After it calls RefreshSidList() it will return -1 to indicate it did not find a session ID to use.
If the list contains session IDs, we'll store the first session ID in the list, remove this from the pool and then return it to AcceptThread.
Back to AcceptThread:
Code:
if(sid < 0) {
TRACE("Accepting User Socket Fail - New Uid is -1\n");
char logstr[1024]; memset( logstr, NULL, 1024 );
sprintf( logstr, "Accepting User Socket Fail - New Uid is -1\r\n");
LogFileWrite( logstr );
goto loop_pass_accept;
}
So if it fails and didn't find a session ID, we'll log that and then proceed to waiting for & handling the next connection event.
When we do correctly get assigned a session ID however, our next step is associating that with a session (note: I'll likely interchangeably use socket and session to refer to the same thing - the allocated session which the server will assign the socket to).
Code:
pSocket = pIocport->GetIOCPSocket( sid );
if( !pSocket ) {
TRACE("Socket Array has Broken...\n");
char logstr[1024]; memset( logstr, NULL, 1024 );
sprintf( logstr, "Socket Array has Broken...\r\n");
LogFileWrite( logstr );
goto loop_pass_accept;
}
CIOCPSocket2::GetIOCPSocket() is also (almost) identical in the client source.
I've tweaked the source below to match it -- the only change here is a compiler optimisation with it storing m_SockArrayInActive[index] and checking against the stored value, instead of checking m_SockArrayInActive[index] both times.

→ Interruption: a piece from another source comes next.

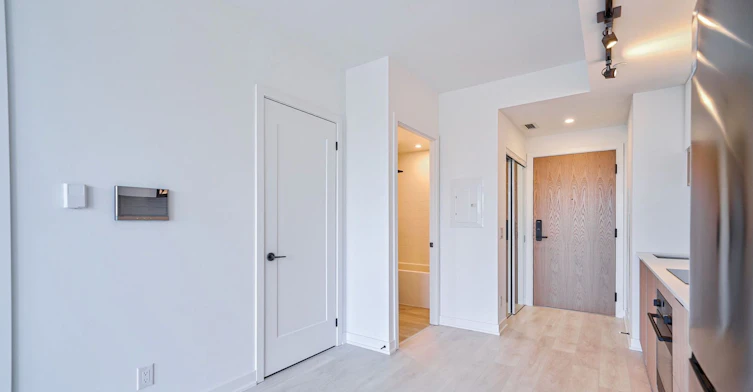 1611-5 Defries Street, Toronto, ON, M5A 0W7 - 3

I note this because it's actually a very important change in the event of race conditions, which I'll get to in a bit.
Code:
CIOCPSocket2* CIOCPort::GetIOCPSocket(int index)
{
if( index > m_SocketArraySize ) {
TRACE("InActiveSocket Array Overflow[%d]\n", index );
return NULL;
}
CIOCPSocket2 *pIOCPSock = (CIOCPSocket2 *)m_SockArrayInActive[index];
if ( pIOCPSock ) {
TRACE("InActiveSocket Array Invalid[%d]\n", index );
return NULL;
}
m_SockArray[index] = pIOCPSock;
m_SockArrayInActive[index] = NULL;
pIOCPSock->SetSocketID( index );
return pIOCPSock;
}
In other words, it will first check if the session ID is even valid.
If it's valid, it'll pull the session from its inactive pool. It's important to note (again, for later) that rather than an actual pool, each session is mapped 1:1 with a session ID, so session ID 0 will always point to the first session in the array.
It'll then move the session into its corresponding slot in the active pool, attach the session ID to the session (pretty pointless considering it's never going to be mapped to a different session but oh well), and finally return that session to AcceptThread.
Code:
if( !pSocket ) {
TRACE("Socket Array has Broken...\n");
char logstr[1024]; memset( logstr, NULL, 1024 );
sprintf( logstr, "Socket Array has Broken...\r\n");
LogFileWrite( logstr );
goto loop_pass_accept;
}
If no session was found, it'll log this and continue on.
Note that it won't return the session ID to the pool at this point.
While it "should", it'll only fail if the session is in use (session ID already in use, which actually CAN happen) or the session ID is just wrong (should never happen). In these cases, there's not actually much point to restoring it as it will just keep using this broken session and failing to accept these connections until the end of time. So this is actually preemptively handling these potential (actually occurring) issues by sheer luck really. Again, I'll get more onto these issues in a bit.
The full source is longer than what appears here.